(July 27, 2014 at 11:04 pm)Purplundy Wrote: I don't even know what you're trying to say.There was no collaboration to create a new religion. No skeptic that I know of is claiming that there was.
The New Testament was compiled long after Jesus, sure, but the material that was in it came about much earlier.
That doesn't change the fact that their stories are too similar to be different stories and too divergent to have been collaborated on.
Christian apologetic logic seems to love creating false dichotomies and strawmanning the hell out of one conclusion to work backward toward the desired one. We see this in other canned arguments such as the "Trilemma", "Die for a Lie" and "Empty Tomb".
In the case of this argument, it's important for you to realize that no skeptic is envisioning Matthew, Mark, Luke and John meeting in the back of a tavern one day discussing how they're going to just make up Jesus and create a new religion. It is true that some cults are cynically fabricated by one or a group of con artists but more often religions and urban legends are shaped in a different, less deliberate way.
We do now know that "Christianity" came in a wild variety of forms during the first few centuries, the diverse theological views of which would make "Catholic vs. Protestant" or even "Christian vs. Muslim" look like petty hair-splitting. One could be "Christian" in the first few centuries and believe:
1. Jesus was not a physical being but an apparition (Docetic Christian), the early conflicts against whom can be read in the Bible itself (1John 4:1-3 and 2John 1:7).
2. There are two gods and Jesus is not only separate from but completely superior to that inept fool Yahweh (Marcionite Christian). Their sect rejected the OT and all things Jewish.
3. Jesus was born as all babies are, the offspring of Mary and Joseph. He lived a normal life until he was about 30 at his baptism, when God adopted him as a son, and his miracle working ministry began (Ebionite Christian). Salvation came through keeping the OT laws. This was the most Jewish of the early Christian sects.

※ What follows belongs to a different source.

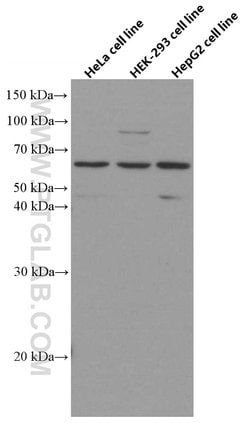 AGXT2 Mouse anti-Human, Mouse, Clone: 3A5B12, Proteintech:Antibodies:Primary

4. Jesus had no childhood and was never "born" but rather he appeared, as all gods do, as a fully formed adult in the temple one day (Marcionite Christian).
5. Jesus was an angel, sent by God (Arian Christian, no relation to Hitler's imaginary race).

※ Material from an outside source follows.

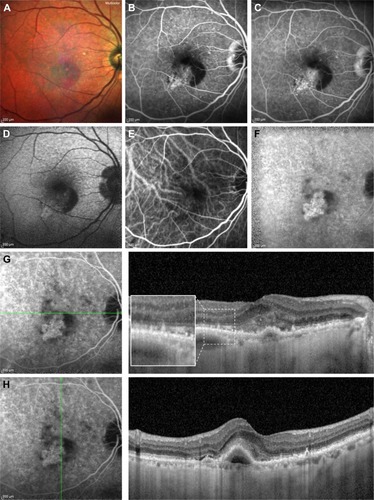 Figure 3 Multicolor imaging, FA, fundus autofluorescence, ICGA and structural SD-OCT of a patient affected by RPD and a type 1 CNV.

So clearly, if there was any collaboration in early Christianity, it failed. No skeptic that I'm aware of is making any claim that there was such an attempt.
Mark was the first Gospel, at least that we know of. Luke and Matt came later, expanding in their own ways on that story but working independently and from different perspectives, thus contradicting one another between their two fan fics. John is a completely different story about a different Jesus, written from a more "advanced" perspective on Christianity when it became separated from the Jewish sect.

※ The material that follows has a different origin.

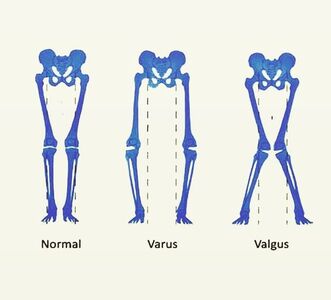 knee valgus, varus and normal positioning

I have no idea how you can read John alongside the Synoptic Gospels and come away thinking these stories are "similar".
Atheist Forums Hall of Shame:
"The trinity can be equated to having your cake and eating it too."
... -Lucent, trying to defend the Trinity concept
"(Yahweh's) actions are good because (Yahweh) is the ultimate standard of goodness. That’s not begging the question"
... -Statler Waldorf, Christian apologist
"The trinity can be equated to having your cake and eating it too."
... -Lucent, trying to defend the Trinity concept
"(Yahweh's) actions are good because (Yahweh) is the ultimate standard of goodness. That’s not begging the question"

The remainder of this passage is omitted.